Scaling your Kantree deployment

Understanding the different components of Kantree

Kantree is divided into 4 components:

  • web: the web application server (port 5000 by default)
  • worker: background worker
  • scheduler: the process launching tasks at fixed time
  • realtime: the realtime server, a server for realtime collaboration (port 4000 by default)

IMPORTANT: Only 1 scheduler instance can be started at a time across all your machines

Application processes

Kantree uses Gunicorn to run its application processes.

You can adjust the number of Gunicorn workers based on your machine processing power (CPU). The default number is 2x{number of CPU cores}+1.

Use the --web-scale parameter to modify the number of Gunicorn workers:

$ ./platform run --web-scale NUMBER_OF_WORKERS

Background processing

Kantree makes extensive use of background processing. Queues can accumulate tasks at time and properly scaling workers is important.

Increasing the number of workers

Use the --worker-scale parameter:

$ ./platform run --worker-scale NUMBER_OF_WORKERS

The formula 2x{number of CPU cores}+1 can also be used to calculate the number of possible workers. But the sum total of application and background workers can not exceed this formula.

Using multiple queues

Tasks can be dispatched in up to four different queues. By default, a single queue is used for all tasks. To use different queues for some tasks, use the following config key in your configuration file:

queue_project_hooks: QUEUE_NAME
queue_automations: QUEUE_NAME
queue_related_cards: QUEUE_NAME
queue_compute_formulas: QUEUE_NAME
queue_refresh_charts: QUEUE_NAME
queue_batch_actions: QUEUE_NAME

It is good practice to at least use a dedicated queue for queue_compute_formulas, queue_refresh_charts and queue_automations once you are seeing a moderate usage of Kantree.
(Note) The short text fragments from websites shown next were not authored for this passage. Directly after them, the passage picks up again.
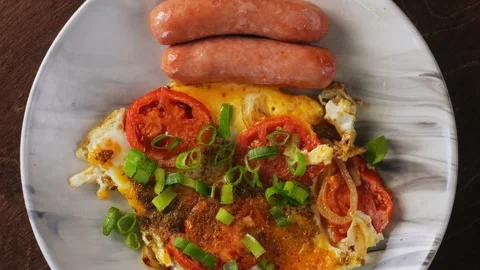 Scrambled eggs with tomatoes and fried sausages sprinkled with green onions.. Stock Footage 285071319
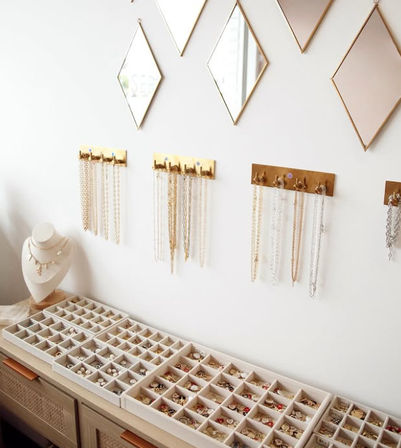 Stylish jewelry display on a white vanity — compartmentalized ring trays, a necklace bust with layered pendants, and gold wall-mounted hooks holding gold and silver chains beneath diamond-shaped mirrors.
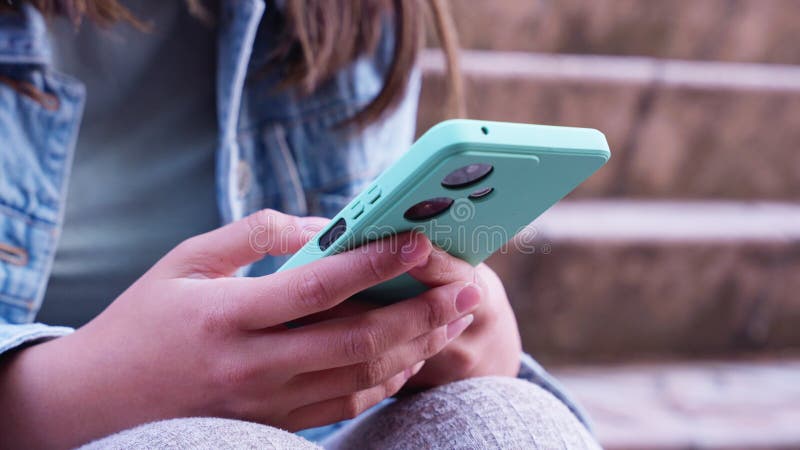 Close-up of hands holding a turquoise smartphone outdoors stock video footage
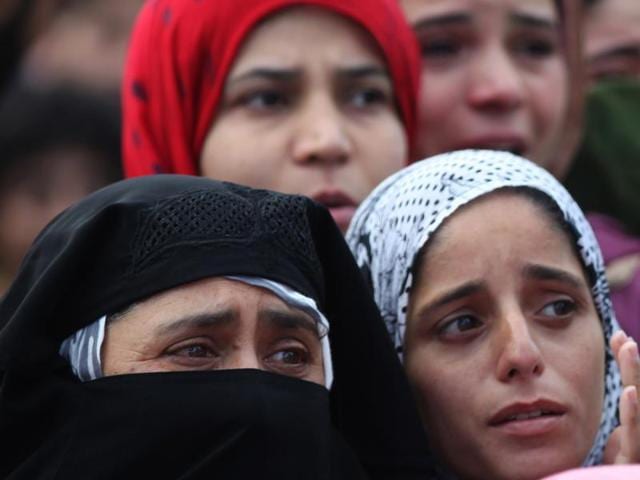 Villagers watch the funeral procession of Burhan Wani, a leader of Hizbul Mujahideen, Kashmir’s largest militant group , in Tral. Troops fired on protesters in Kashmir as tens of thousands of people defied a curfew imposed in most parts of the region. (AP) Villagers watch the funeral procession of Burhan Wani, a leader of Hizbul Mujahideen, Kashmir’s largest militant group , in Tral. Troops fired on protesters in Kashmir as tens of thousands of people defied a curfew imposed in most parts of the region. (AP)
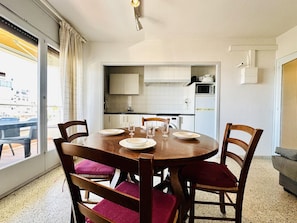 A dining area with a round wooden table, four chairs, and a view of the city through large windows.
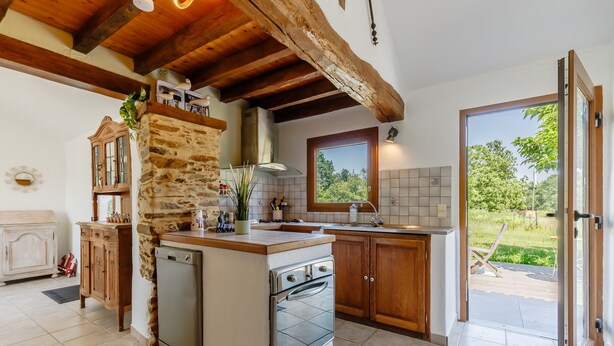 A kitchen with a stone wall, wooden cabinets, a built-in oven, and a large window. - La Chaumière de Jeannot - Maison avec jardin pour 8 (La Chapelle-Hermier)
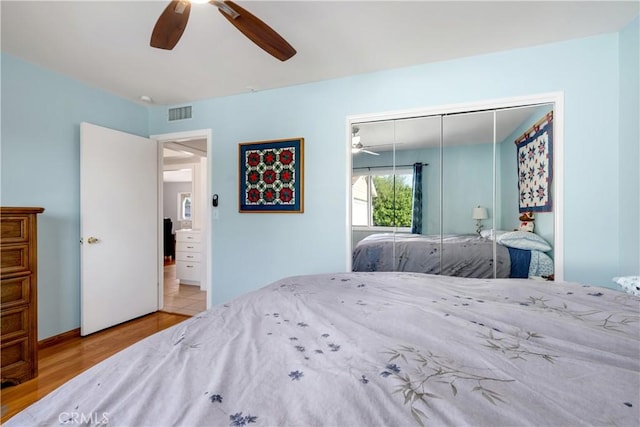 28970 Exmoor Ct, Menifee, CA 92586 - bedroom with visible vents, ceiling fan, wood finished floors, and a closet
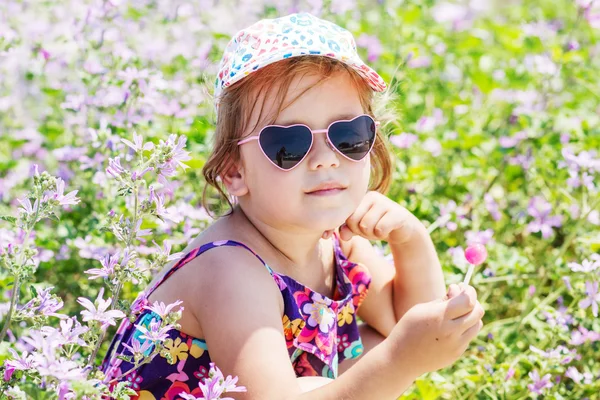 Toddler cute girl with a lollipop outdoors — Stock Photo, Image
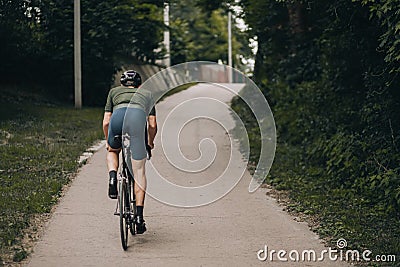 Back view of muscular man biking alone at green park Stock Photo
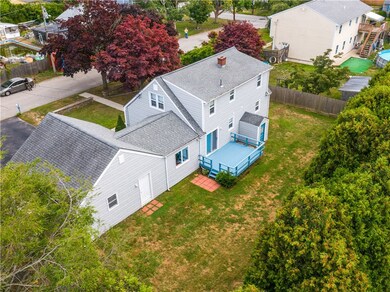 Western side of yard lined with mature Aborvitaes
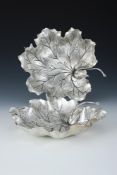 A PAIR OF ITALIAN SILVER COLOURED LEAF SHAPED DISHES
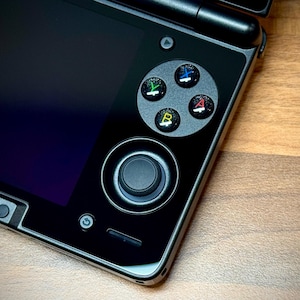 Pode incluir: Close-up de um console de jogos portátil preto. O console possui um direcional, um joystick e botões de ação coloridos. A tela é escura e o dispositivo tem um design elegante e moderno. O console está em uma superfície de madeira.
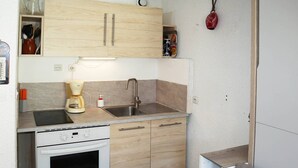 Een kleine keuken met houten kastjes, een inbouwoven, een spoelbak en een koffiezetapparaat.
queue_automations: automations
queue_related_cards: low
queue_compute_formulas: low
queue_refresh_charts: low

Once you have configured the queue names in the configuration file, you need to ensure that some workers will process them. By default, workers only process tasks from the default queue. Use the --worker-queues parameter with a comma separated list of queue names:

$ ./platform run --worker-queues default,low,automations

This will create 2 processes: worker_default1 and worker_low1. If you combine this parameter with --worker-scale X it will start X workers per queue.

You can use the --worker-combine-queues paremeter to instead launch X workers that each process tasks from all queues.

Real-time connections

Real-time connections require one socket per connection. On linux, this means one file descriptor per connection. The default max opened file is 1024 which can quickly become a bottleneck.

Increase the limit using the fs.file-max kernel directive:

# sysctl -w fs.file-max=MAX_FILE

Scaling real-time servers can be hard. If you are serving thousands of users, contact us for support.

Multi-node deployment

Kantree’s architecture makes it very easy to deploy on multiple machines.

You can deploy as many instances of Kantree processes as you want on as many machine as long as they connect to the same PostgreSQL and Redis instances.

Installing a node

First, generate a configuration file that you can use on all your nodes:

$ ./platform gen-config config-prod.yml

Then you can unpack the kantree archive on each node, add your configuration file and your license file and then run:

$ ./platform init-node

Upgrade your database from one of the node using:

$ ./platform upgrade-db

To start only a specific process, use the run command with the process name as argument:

$ ./platform run web
$ ./platform run worker
$ ./platform run scheduler
$ ./platform run realtime

You don’t have to start all the processes together. You can for example start worker processes on one machine and web and realtime processes on another.

If you are starting workers on a machine dedicated to background processing, remember to properly scale the number of workers.

Load balacing the nodes

Finally, you’ll need to install a load-balancer to serve Kantree using all the nodes. We recommend Nginx (which we use ourselves). You will find an nginx.conf.example file at the root of your installation.

Add the ip addresses for all your nodes running web processes in the upstream app section. Same of the push processes under the upstream push section.

You will also need to replace the {{SERVER_NAME}} and {{PATH_TO_KANTREE_ROOT}} placeholders.

IMPORTANT: for the realtime server, the session needs to be sticky (ie. the requests coming from a client needs to always reach the same server).

Services Kantree depends on


Given the usage we do of Redis, you shouldn’t need to have a complicated Redis deployement. For almost all setups, Redis can be installed on the same machine as your Kantree server. If the application server becomes to low on RAM, you can put Redis on its own machine and that should be enough.

In case you want to ensure high-avaibility, you can check out Redis Sentinel.


Postgresql can be a tricky beast to scale. For the vast majority of deployments, Postgresql can live on a single machine. If you encounter performance issues due to the database, consider upgrading the machine itself (the hardware) before trying to scale horizontally.

There are many ressources to help you scale Postgresql or configure high-availability. It is not the purpose of this guide to cover these aspects.